Wenn ich aber so überlege, hatte ich im Leben sehr oft Glück. Ich habe einen Unfall unbeschadet überstanden, der auch ganz anders hätte verlaufen können.

Wertvolle Lektion fürs Leben

Vielleicht musste ich diese Erfahrung einfach machen, vielleicht war es eine wichtige Lektion fürs Leben, dass ich diese wichtigen Dinge verlieren musste, um ihren Wert erst zu erkennen?

Und ich bin mir sicher, dass das eine wirklich große Lektion für mich war. Ich habe einiges daraus gelernt. Allen voran, was ich beachten sollte, damit so etwas nicht passiert. Und wenn so etwas passiert, wie ich damit umgehen kann.

Natürlich war es total unnötig, die Sachen zu verlieren. Zu viel Zeit wurde verschwendet, wir mussten eine Menge Geld zahlen, um das Schloss auszutauschen. Das hätte ich mir alles sparen können, wenn ich von Anfang an auf meine Sachen Acht gegeben hätte.

Aber ich denke mir auch: Es war eine Lektion, die ich aus verschiedenen Gründen machen musste und die mich auch weiser und stärker gemacht hat.

Und vor allem eins: Der Glaube an die Menschheit ist nicht ganz verloren, es gibt auch gute Menschen.

Was ich daraus gelernt habe: 


Nicht mehr alle Schlüssel an einem Bund

Künftig werde ich, wenn ich verreise, meine Arbeitsschlüssel nicht mehr dran behalten. Ist auch unnötig, macht den Schlüsselbund schwerer.

Handy sichern

Ich habe sofort angefangen, die ganzen Kontakte, Dokumente sowie Fotos und Notizen in einer Cloud zu sichern. Nicht nur bei Verlust wichtig, sondern auch, wenn das Handy mal kaputt gehen sollte. Vorsicht ist besser als Nachsicht.

 

Handy tracken

Ich werde künftig mein Handy tracken und habe es entsprechend auch mit dem Trackingdienst verbunden, sodass ich immer weiß, wo es gerade ist und es erreichen kann.

 

GPS Tracker reinmachen

Ich habe mir auch eine Art Smarttag besorgt, welches ich an den Schlüsselbund machen werde, für den Fall, dass die Sachen wieder verloren gehen. Am besten natürlich nicht, aber man weiß ja nie.

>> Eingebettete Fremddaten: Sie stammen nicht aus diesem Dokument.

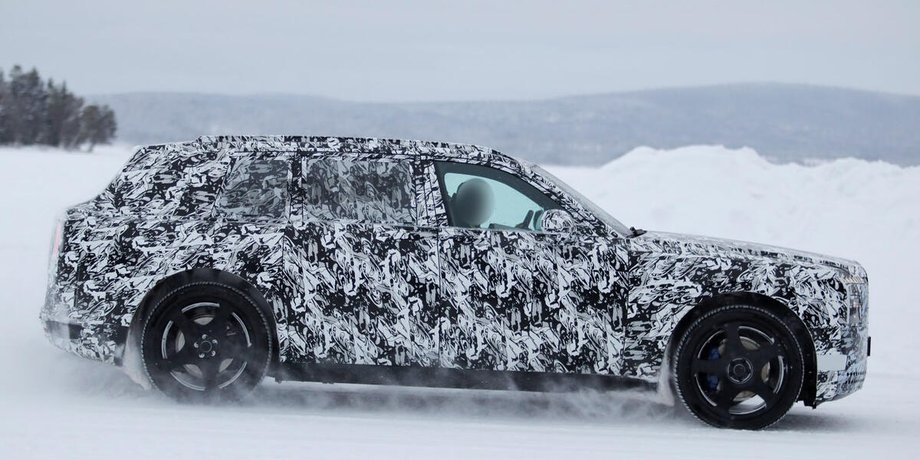 Електричний кросовер Rolls-Royce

Vorsichtiger sein und vor allem lieber zu viel als zu wenig nachschauen!

Ich werde jetzt definitiv immer öfter nachschauen, ob alle Sachen da sind, bevor ich irgendwohin gehe.


Niemals wieder Dinge als selbstverständlich ansehen und dankbarer sein

Nie wieder werde ich die Dinge als selbstverständlich sehen. Das sind sehr wertvolle Dinge für mich, auf die ich mehr aufpassen will, damit mir das nicht nochmal passiert.